About the Green Gables Inn
Green Gables Inn, the first Four Sisters Inn, was built in 1888 by Englishman William Lacy, an engineer and amateur architect who moved with his family to Los Angeles. The new house, known locally as the “red house,” was probably intended as a vacation home, but the Lacys never occupied it. The first resident was the Lacys’ friend, Emma Murdoch.
Born in 1848 on a Virginia plantation, Emma ran off to Nevada during the 1870s silver boom with her fortune-seeking husband, after the Civil War brought an end to her Southern family’s livelihood. Eventually the couple settled in Los Angeles, where they met the Lacys. Emma’s husband soon left in search of treasures elsewhere, leaving her alone with her infant daughter, Penelope. The Lacys offered Emma their newly constructed Pacific Grove house as a residence, and in 1889, Emma and Penelope moved in, along with their housekeeper and mastiff dog, King.
The multi-gabled seaside house was framed entirely of redwood, and boasted solid maple floors, brass and copper door and window fixtures, exposed dark wood interior trim, and a massive wooden mantelpiece (later replaced by plaster). The overall appearance of the house was much darker and busier than it appears today, although the present windows, fixtures and woodwork are original. The upstairs room dubbed the “Chapel Room” reflects Lacy’s English architectural heritage of exposed ceiling beams and myriad angles, slopes and nooks.

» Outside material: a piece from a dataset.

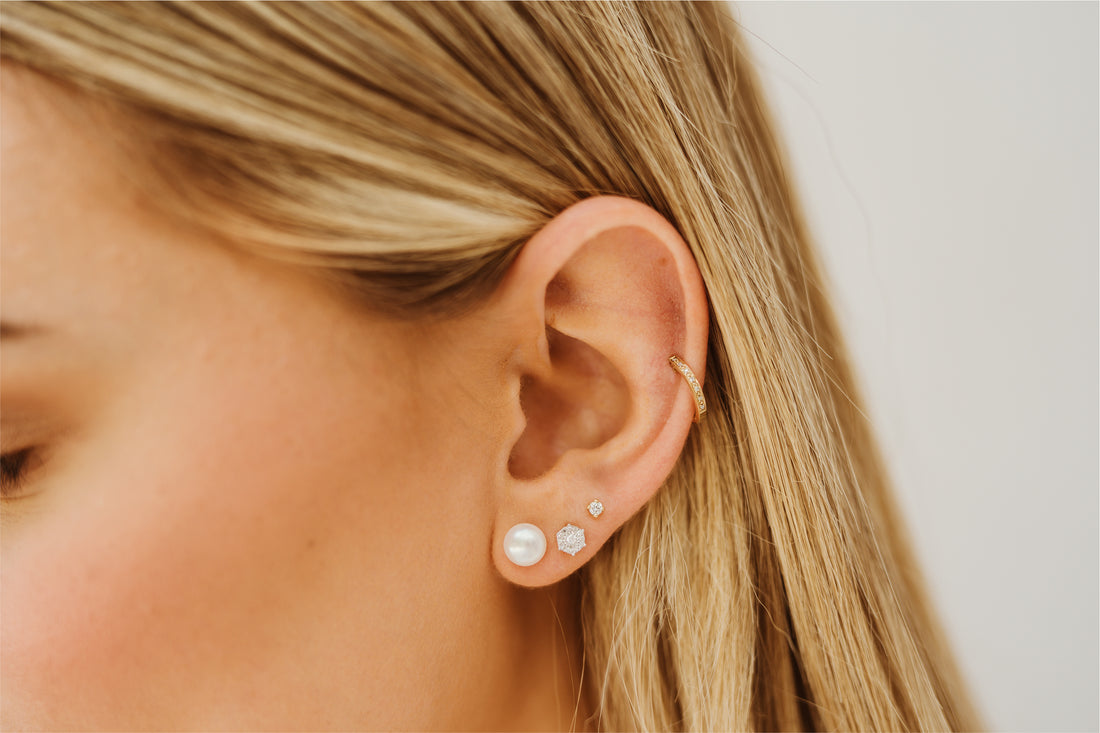 Chloe Button Pearl Gold Studs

As a little girl, Penelope and King explored every inch of Pacific Grove on foot. One of her favorite spots was the nearby Chinese fishing village (now the site of Stanford University’s Hopkins Marine Station). During her childhood, Penelope and her mother were often visited by Mr. Lacy, who sailed from Los Angeles to Monterey on his yacht, the Penelope, bringing gifts and toys. During one of his visits, Mr. Lacy’s boat capsized near Monterey Bay, and he died soon after of pneumonia. The house was sold in 1899, and Emma and Penelope moved back to Los Angeles.
The new owner was Judge Wilbur of Pasadena, who used it as a summer home, and called the house Ivy Terrace Hall. Over the ensuing years, the house changed owners (and paint) several times. In 1954, it was purchased by Miss Ethel Wright of Saratoga, Calif., who rented out rooms in the house for the first time, and painted it dark green with white trim.
In 1958, John and Nora Flatly purchased the building and renovated it first for use as a student rooming house, and eventually as an inn, christening it Green Gables.
When Roger and Sally Post purchased the inn in 1971, they once again turned it into a family home, where they raised their four daughters. But the entrepreneurial girls (including current Four Sisters Inn's president, Shelley Post) decided to reshuffle their living quarters in the summer months, renting out their rooms to enthusiastic travelers. In 1983, the Post family decided to make the enterprise official, and Green Gables Inn was opened year-round to guests.